By Hasan al-Ashraf
By Hasan al-Ashraf
Although alcohol is forbidden (haram) in Islam, Morocco’s moderate Islamist government appears to have found a halal route that allows them to profit from its sale.
Caught between soaring prices, low economic growth forecasts, and a harsh drought, the Islamist-led government had decided to increase tax on liquor sales in a step to increase state revenue.
The liquor tax has been raised from 10,500 ($1,230) dirham per 100 liters (26.4 gallons) to 15,000 ($1,760) dirhams per 100 liters.

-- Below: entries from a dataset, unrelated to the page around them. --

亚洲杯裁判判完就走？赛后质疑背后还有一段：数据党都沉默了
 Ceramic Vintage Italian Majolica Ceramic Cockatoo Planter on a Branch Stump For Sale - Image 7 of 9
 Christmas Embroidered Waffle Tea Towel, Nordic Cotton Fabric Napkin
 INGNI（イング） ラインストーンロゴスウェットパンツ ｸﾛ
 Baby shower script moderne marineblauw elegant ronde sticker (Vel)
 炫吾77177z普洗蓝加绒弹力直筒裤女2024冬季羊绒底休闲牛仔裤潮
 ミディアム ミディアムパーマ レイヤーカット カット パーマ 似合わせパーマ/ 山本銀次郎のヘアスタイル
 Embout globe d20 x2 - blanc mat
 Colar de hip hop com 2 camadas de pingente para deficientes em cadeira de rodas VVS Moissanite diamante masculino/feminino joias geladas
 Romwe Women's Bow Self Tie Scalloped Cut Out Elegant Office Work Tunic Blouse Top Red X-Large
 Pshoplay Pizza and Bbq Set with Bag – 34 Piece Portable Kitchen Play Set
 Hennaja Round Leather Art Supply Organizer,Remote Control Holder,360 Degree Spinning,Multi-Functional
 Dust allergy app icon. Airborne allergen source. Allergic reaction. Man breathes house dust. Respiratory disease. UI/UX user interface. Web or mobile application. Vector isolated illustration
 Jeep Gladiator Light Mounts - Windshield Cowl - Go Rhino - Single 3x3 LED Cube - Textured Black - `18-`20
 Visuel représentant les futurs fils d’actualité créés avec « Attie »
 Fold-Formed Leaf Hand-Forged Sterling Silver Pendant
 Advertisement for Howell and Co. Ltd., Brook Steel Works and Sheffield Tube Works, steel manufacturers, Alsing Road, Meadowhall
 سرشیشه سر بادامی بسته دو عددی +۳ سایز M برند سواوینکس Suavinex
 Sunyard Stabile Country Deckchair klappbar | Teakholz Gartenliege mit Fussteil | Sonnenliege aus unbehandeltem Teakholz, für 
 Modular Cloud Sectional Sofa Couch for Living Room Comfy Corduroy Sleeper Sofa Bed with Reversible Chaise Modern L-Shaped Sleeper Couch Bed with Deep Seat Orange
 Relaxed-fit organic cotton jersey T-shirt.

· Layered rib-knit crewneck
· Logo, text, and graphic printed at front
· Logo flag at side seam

The tax on beer has been raised from 550 ($64) to 900 ($105) per 100 liter while the sales tax on cigars has been raised by 10 percent to 35 percent.
When it was in the opposition, the moderate Islamist Justice and Development Party (PJD) often demanded an increase on the alcohol sales tax, which unlike the tax on food products, has remained the same in 33 years.
Moroccan economist Omar al-Kattani said the PJD’s move will help the government find solutions to some budgetary problems without significantly affecting producers and distributors of alcohol products who made major profits last year.
Kattani said the move is also likely to reduce the consumption of alcohol amongst low-income people.
Meanwhile, political analyst Abd el-Ali Majdoub said by this move the government had targeted the “alcohol lobbyists who have benefited from decades-old privileges … to make money at the expense of the people’s health.”
In 1967 King Hasan II, also known as the commander of the faithful, delegated his powers to an advisor in the royal court to sign a decree that authorizes the sale of alcohol to non-Muslims.
The king apparently did not want to be seen by his Muslims-majority people as the one who authorized the sale of something forbidden in Islam.
Although alcohol in Morocco is not supposed to be sold to Muslims, it is easily available in stores and supermarkets.